Since the first ATLAS results from LHC Run 2 were presented at this summer’s conferences (EPS-HEP 2015 and LHCP 2015) with an amount of data corresponding to an integrated luminosity of approximately 80 pb–1, the LHC has continued to ramp up in luminosity. The maximum instantaneous luminosity for 2015 was 5 × 1033 cm–2s–1, which already approaches the Run 1 record of 7 × 1033 cm–2s–1. ATLAS recorded more than 4 fb–1 in 2015, with different physics analyses using from 3.32 to 3.60 fb–1, depending on the parts of the detector required to be fully operational with good data quality.

The main goal of the early measurements presented this summer was to study in detail the performance of the detector, to characterise the main Standard Model processes at 13 TeV, and to perform the first searches for phenomena beyond the Standard Model at Run 2. These early searches focused on processes such as high-mass quantum and rotating black-hole production in dijet, multijet and lepton-jet event topologies, for which the higher centre-of-mass energy provided an immediate improvement in sensitivity beyond the reach of the Run 1 data.

The recently completed 2015 data set corresponds to more than 30 times that of this summer. With these data, the full programme of measurements and searches at Run 2 has started, and the first results were presented by the collaboration at a joint ATLAS and CMS seminar on 15 December 2015 during CERN Council week.

These new results benefitted from the first calibration of electron, muon and jet reconstruction and trigger algorithms, in situ using the data. The new insertable B layer of pixel detectors significantly improves the precision of the track measurements near the interaction region and is therefore crucial for tagging jets containing heavy quarks.
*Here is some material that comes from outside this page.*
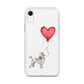 Dog with Balloon Grey Poodle Clear Case for iPhone®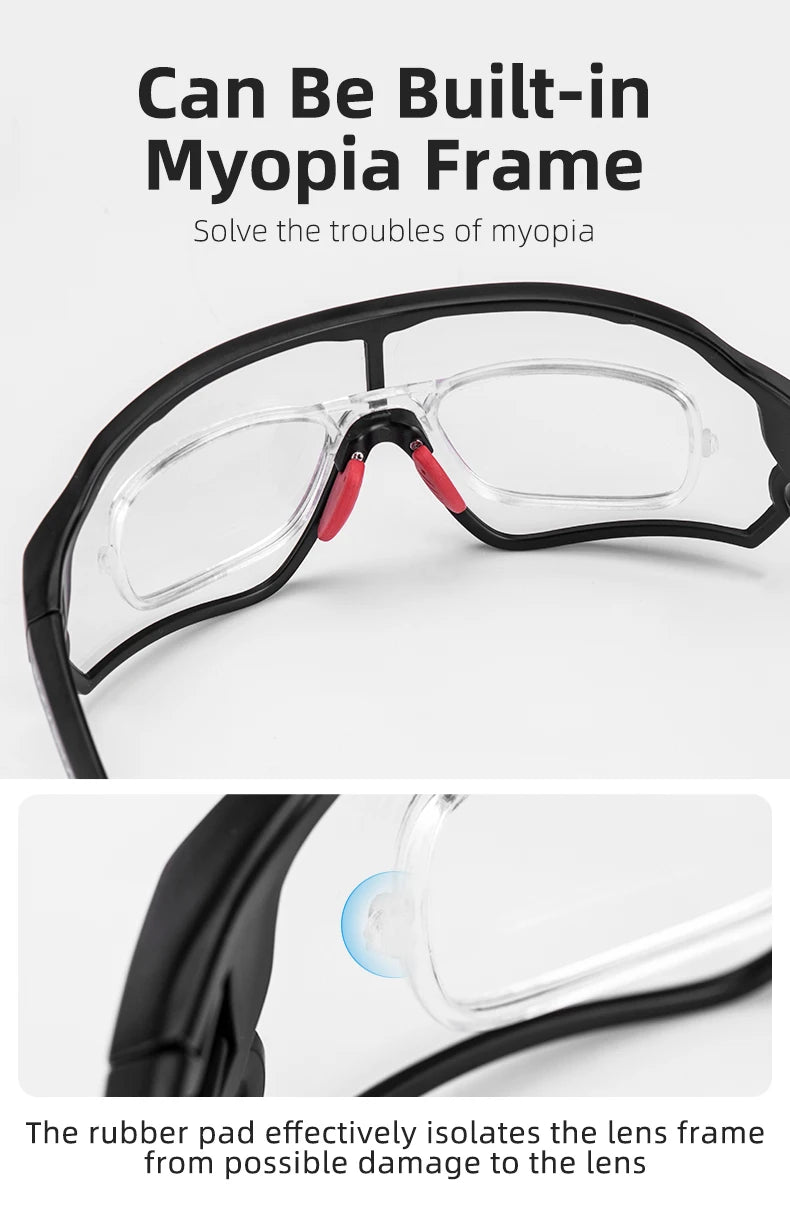 ROCKBROS Photochromic UV400 Cycling Glasses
First measurements include the ZZ cross-section and single top quark, and the Wt production channels at 13 TeV. Top-quark pair production has also been investigated in measurements where the top-quark pair is produced in association with additional jets. These measurements are crucial to provide further checks of the modelling implemented in state-of-the-art generators used to simulate these processes at NLO QCD precision. These measurements can also subsequently be used to further constrain physics beyond the Standard Model that would alter these production modes.

The new data also allowed the first measurements of the Higgs boson production cross-section at 13 TeV, inclusively in the diphoton and ZZ decay channels.
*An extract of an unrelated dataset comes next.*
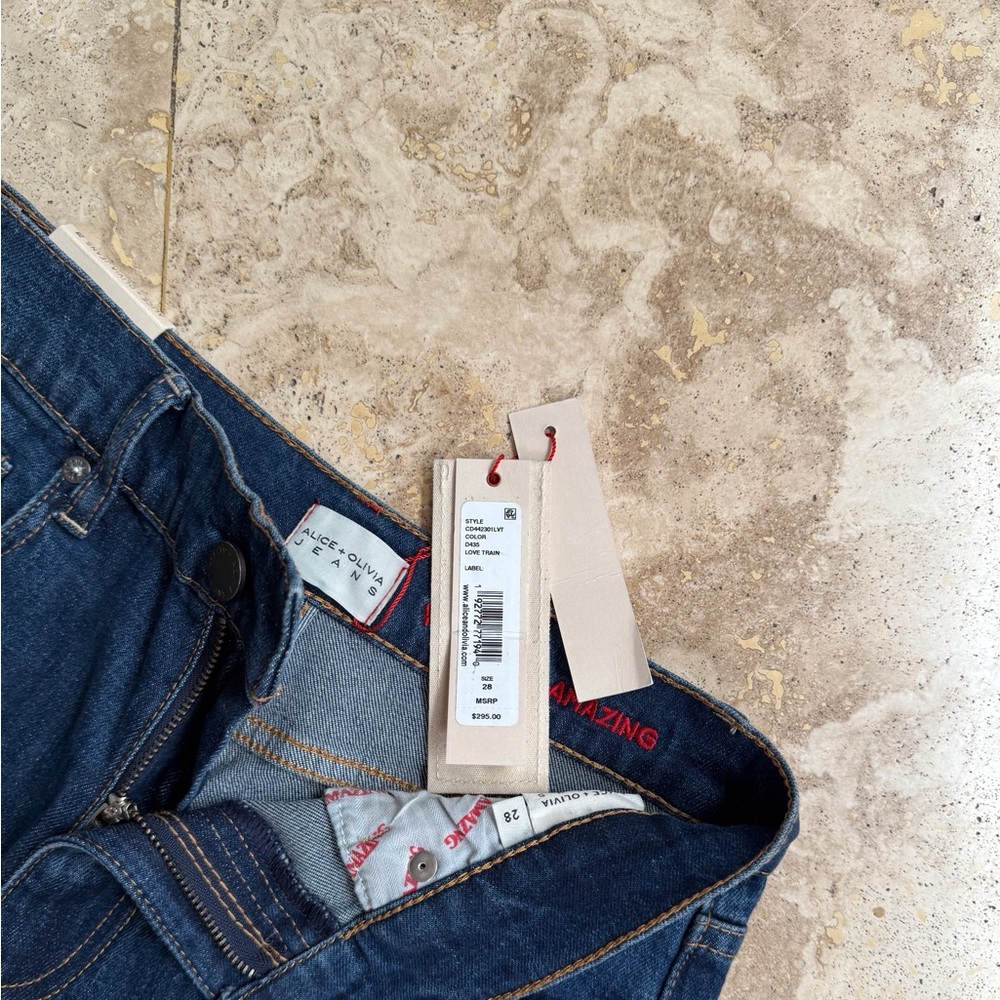 Alice + Olivia Woman Blue Denim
With the increased centre-of-mass energy, and the availability of significantly more data than in the summer, new-particle search results were awaited with much anticipation. A large number of searches for new phenomena motivated by theories beyond the Standard Model in dijet, multijets, photon jets, diphoton, dilepton, single lepton and missing transverse energy channels were completed. Searches for vector-boson pair (VV) and Higgs and vector-boson (VH) topologies with boosted jets have also been completed. Searches for strongly produced supersymmetry (SUSY) that made use of signatures with 0 or 1 lepton, or a Z boson, jets and missing transverse energy and also topologies with B jets, have improved sensitivity from Run 1. Finally, searches for Higgs bosons from extended electroweak symmetry-breaking sectors in final states with a pair of tau leptons, and in pairs of vector bosons, have been performed.

So far, no definitive observation of new physics has been observed in the data, although two excesses have been observed. The first, with a significance of 2.2 standard deviations, was seen in the search for SUSY with gluino production with subsequent decays into a Z boson and missing energy; a 3 standard-deviation excess was observed in this channel in Run 1. The second excess was observed in the search for diphoton resonances where a peak is seen at 750 GeV with a local significance of 3.6 standard deviations, corresponding to a global significance of 2.0 standard deviations. More data will be needed to probe the nature of these excesses.

Limits on a large variety of theories beyond the Standard Model have been derived. The ATLAS experiment is completing its measurements and search programme on the data collected in 2015, and is preparing for the data to come in 2016.